ENTRIES SHOWN:
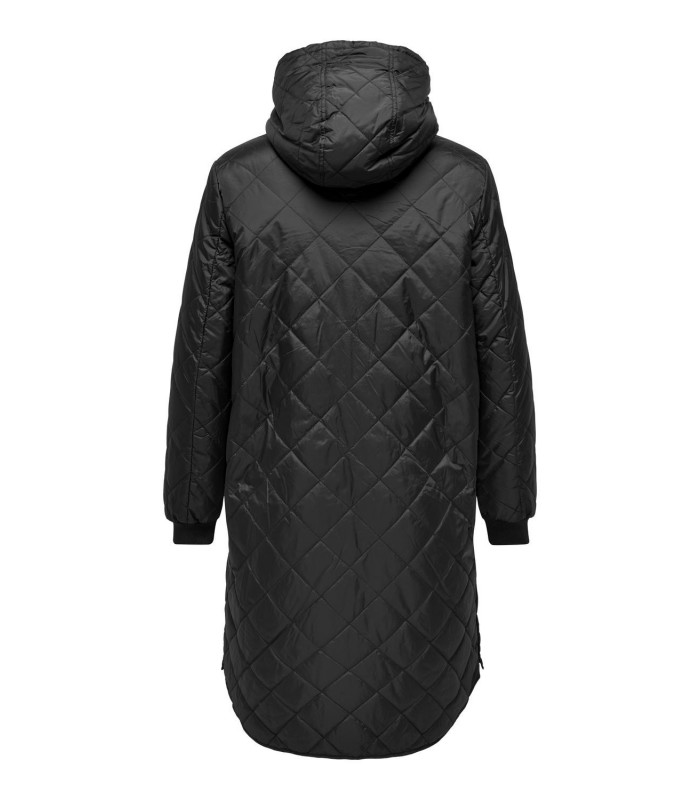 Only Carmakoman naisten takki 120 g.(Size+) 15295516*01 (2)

* * *

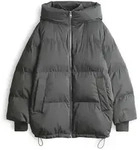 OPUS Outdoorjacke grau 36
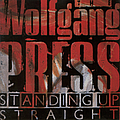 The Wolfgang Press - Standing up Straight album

EXERCISE:
Out of the records above, set down only the lines from the one that contains "OPUS Outdoorjacke grau 36" through the one that contains "The Wolfgang Press", unchanged and without the pictures.

SOLUTION FOR THIS TASK:
 OPUS Outdoorjacke grau 36
 The Wolfgang Press - Standing up Straight album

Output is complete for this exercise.